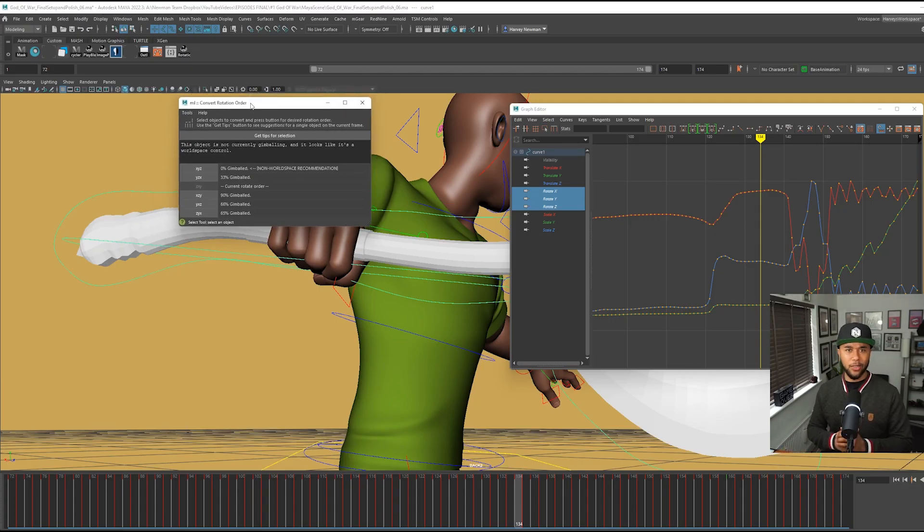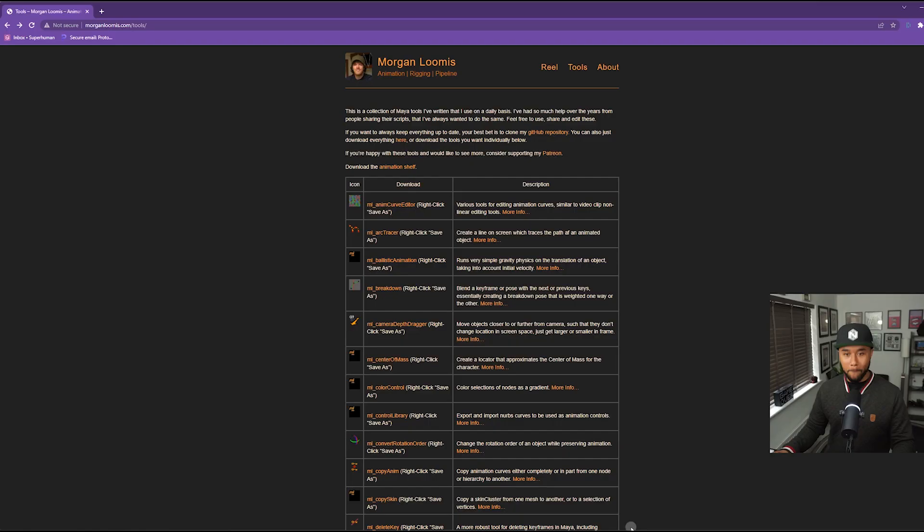Convert Rotation Order is a plugin that I always have on my shelf. Even though you don't need it all the time, when you do need it, it comes in super handy. So give your flowers to Morgan Loomis because he's been doing a lot of work for us animators. Support him — all the scripts are free. I'll leave a link down below to download ML Convert Rotation Order and many more scripts. If you do, definitely send Morgan a message on Twitter and follow him. This man has been doing so much for the animation community and definitely needs some love.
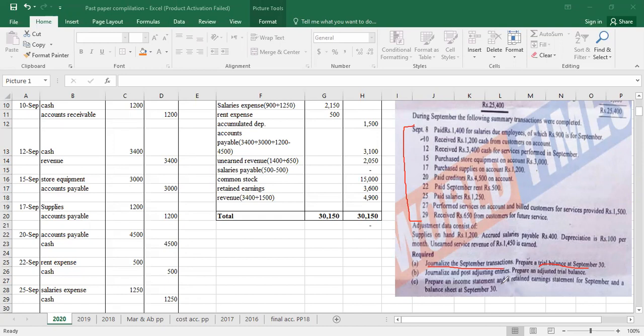We only put income and expenses related to that year. What is related to next year does not get added to this year's accounts. So when our year is complete and closing, we do some adjusting entries. In Part B, we do adjusting entries and then prepare a trial balance again — an adjusted trial balance. The first trial balance is unadjusted, and after taking the effect of adjusting entries, we make the adjusted trial balance.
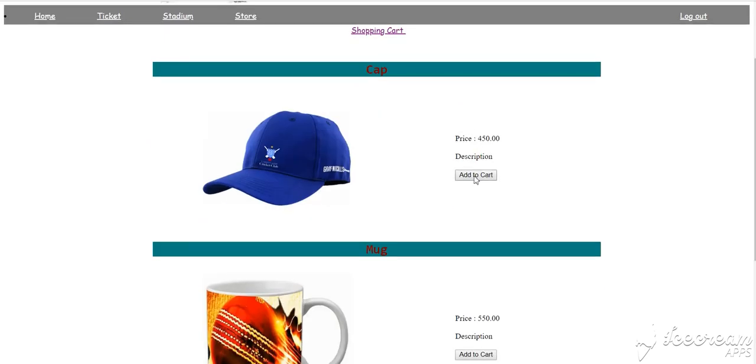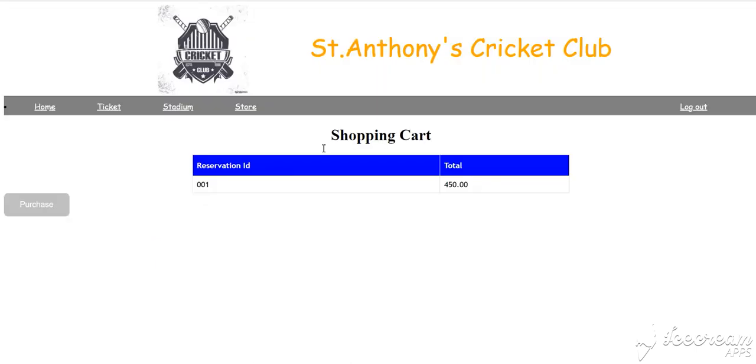Add some item to the shopping cart and it will be added. Then when the user goes to the shopping cart, it will show the reservation ID and the cart.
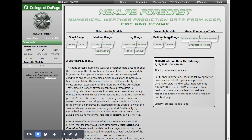This is a quick demonstration on one of my favorite sites for analyzing model data. It's weather.cod.edu/forecast, and this is the numerical weather prediction data that they are analyzing.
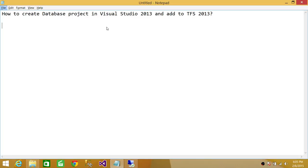Welcome to Tech Brothers. In this video we're going to learn how to create a database project in Visual Studio 2013, and after creating the database project in Visual Studio 2013, we're going to go ahead and add that to Team Foundation Server 2013, which is our source control.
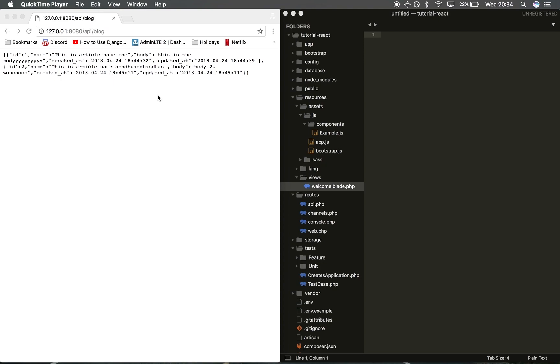Hey guys, welcome back to the Laravel 5.6 and React.js tutorial. In this session we're going to be using the data we've got from our API and displaying it via our React components. To do that we're going to need to use a client called axios, a package we can install with node.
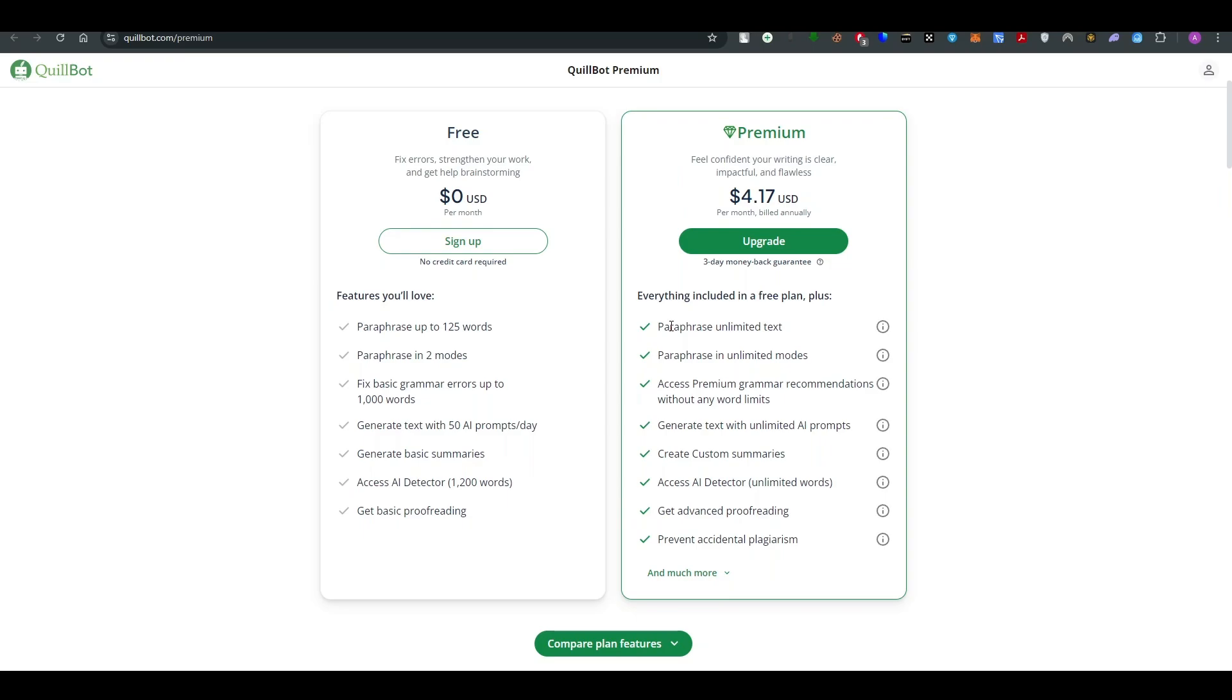Premium features include paraphrase unlimited text, paraphrase in unlimited mode, access premium grammar recommendations without any word limit, generate text with unlimited AI prompts, and create custom summaries.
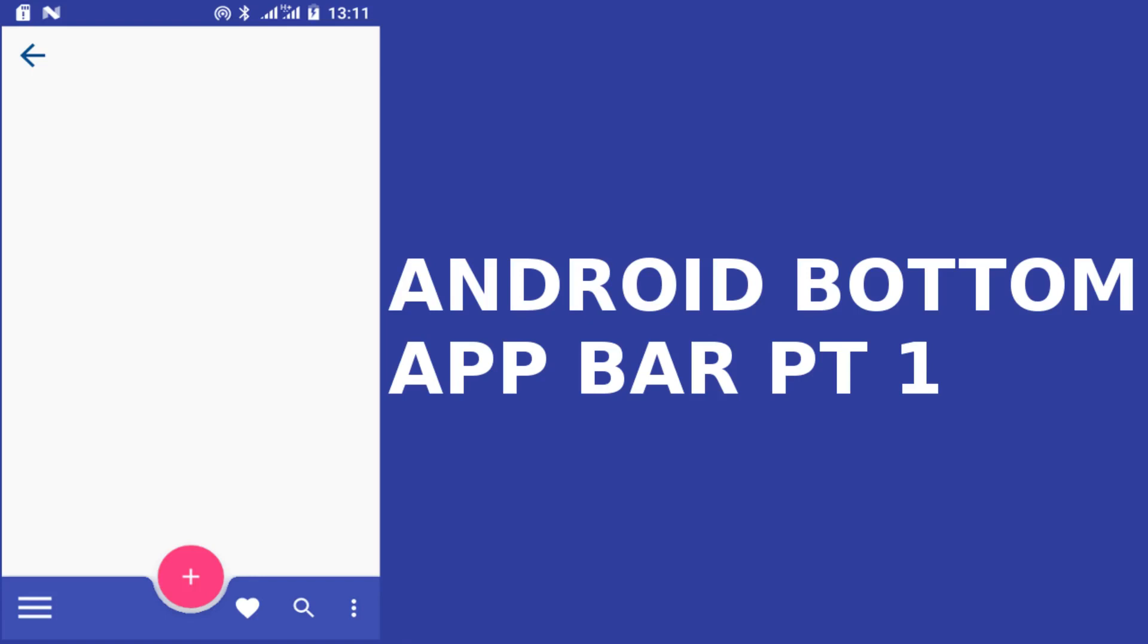Hi guys, welcome to Deleroy Studios. We'll be talking about the bottom app bars, the Android bottom app bars.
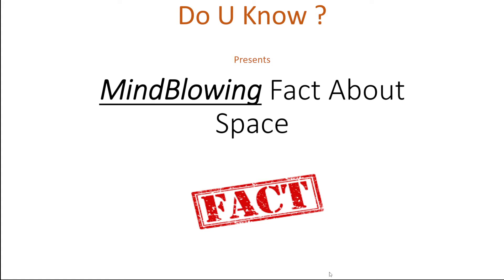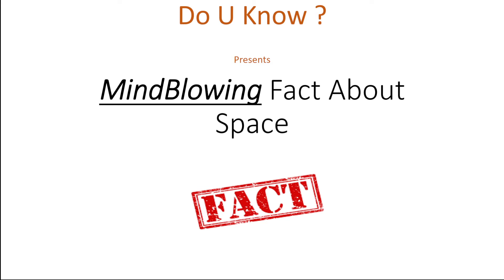Hello everyone, welcome to another video of Do You Know? Today is a mind-blowing fact about space. So let's begin.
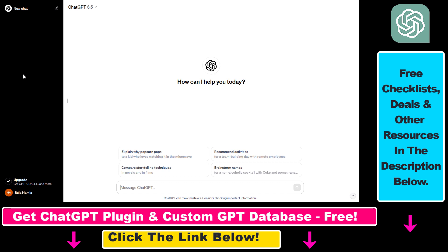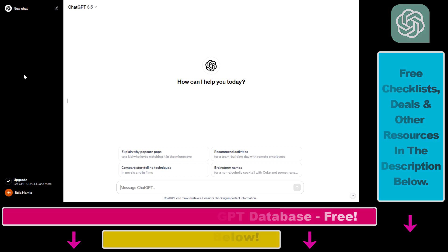If you want to learn more about ChatGPT and other AI tools, make sure to check out my YouTube channel and also check out the free resources related to ChatGPT and AI in the description below. See you next time.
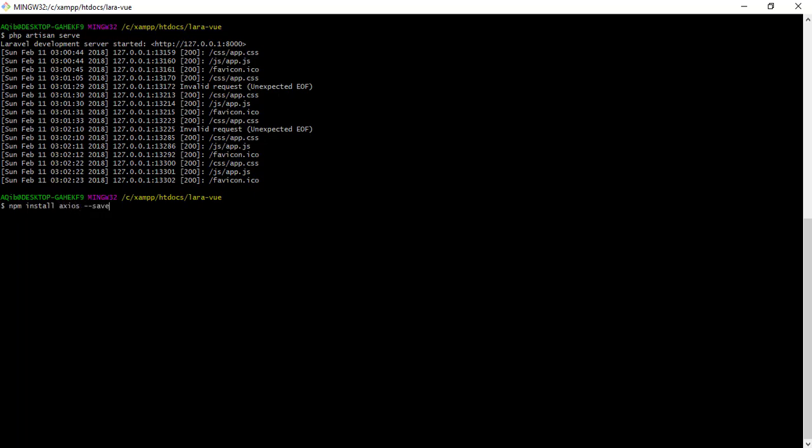I will use axios npm package to run HTTP requests. Let me install the axios package.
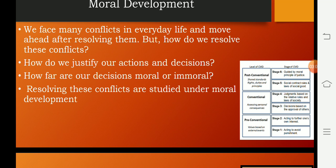We face many conflicts in everyday life and move ahead after resolving them. But how do you resolve those conflicts? How do you justify your actions and decisions? How fair are the decisions — moral or immoral? Resolving these conflicts is studied under moral development.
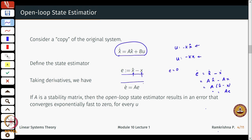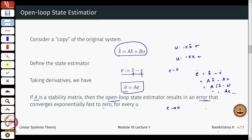If I look at the error dynamics, it is easy to derive that e-dot = x-hat-dot - x-dot = A*x-hat - A*x = A*(x-hat - x) = A*e, since the B terms cancel out. So I have a system: e-dot = Ae. I want e to go to zero. When is this possible? It is obvious from what we have learned: if A is a stability matrix, then the open-loop state estimator results in an error that converges exponentially fast to zero for every input u. As long as my system is stable, the error converges to zero, the estimated state converges to the actual state, and this is what I want for feedback.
************
» **Problem requirements**:
The records above need to be copied exactly, with the pictures left out.

» **Result**:
Convert Rotation Order is a plugin that I always have on my shelf. Even though you don't need it all the time, when you do need it, it comes in super handy. So give your flowers to Morgan Loomis because he's been doing a lot of work for us animators. Support him — all the scripts are free. I'll leave a link down below to download ML Convert Rotation Order and many more scripts. If you do, definitely send Morgan a message on Twitter and follow him. This man has been doing so much for the animation community and definitely needs some love.
We only put income and expenses related to that year. What is related to next year does not get added to this year's accounts. So when our year is complete and closing, we do some adjusting entries. In Part B, we do adjusting entries and then prepare a trial balance again — an adjusted trial balance. The first trial balance is unadjusted, and after taking the effect of adjusting entries, we make the adjusted trial balance.
Add some item to the shopping cart and it will be added. Then when the user goes to the shopping cart, it will show the reservation ID and the cart.
This is a quick demonstration on one of my favorite sites for analyzing model data. It's weather.cod.edu/forecast, and this is the numerical weather prediction data that they are analyzing.
Welcome to Tech Brothers. In this video we're going to learn how to create a database project in Visual Studio 2013, and after creating the database project in Visual Studio 2013, we're going to go ahead and add that to Team Foundation Server 2013, which is our source control.
Hey guys, welcome back to the Laravel 5.6 and React.js tutorial. In this session we're going to be using the data we've got from our API and displaying it via our React components. To do that we're going to need to use a client called axios, a package we can install with node.
Premium features include paraphrase unlimited text, paraphrase in unlimited mode, access premium grammar recommendations without any word limit, generate text with unlimited AI prompts, and create custom summaries.
Hi guys, welcome to Deleroy Studios. We'll be talking about the bottom app bars, the Android bottom app bars.
Hello everyone, welcome to another video of Do You Know? Today is a mind-blowing fact about space. So let's begin.
If you want to learn more about ChatGPT and other AI tools, make sure to check out my YouTube channel and also check out the free resources related to ChatGPT and AI in the description below. See you next time.
I will use axios npm package to run HTTP requests. Let me install the axios package.
We face many conflicts in everyday life and move ahead after resolving them. But how do you resolve those conflicts? How do you justify your actions and decisions? How fair are the decisions — moral or immoral? Resolving these conflicts is studied under moral development.
If I look at the error dynamics, it is easy to derive that e-dot = x-hat-dot - x-dot = A*x-hat - A*x = A*(x-hat - x) = A*e, since the B terms cancel out. So I have a system: e-dot = Ae. I want e to go to zero. When is this possible? It is obvious from what we have learned: if A is a stability matrix, then the open-loop state estimator results in an error that converges exponentially fast to zero for every input u. As long as my system is stable, the error converges to zero, the estimated state converges to the actual state, and this is what I want for feedback.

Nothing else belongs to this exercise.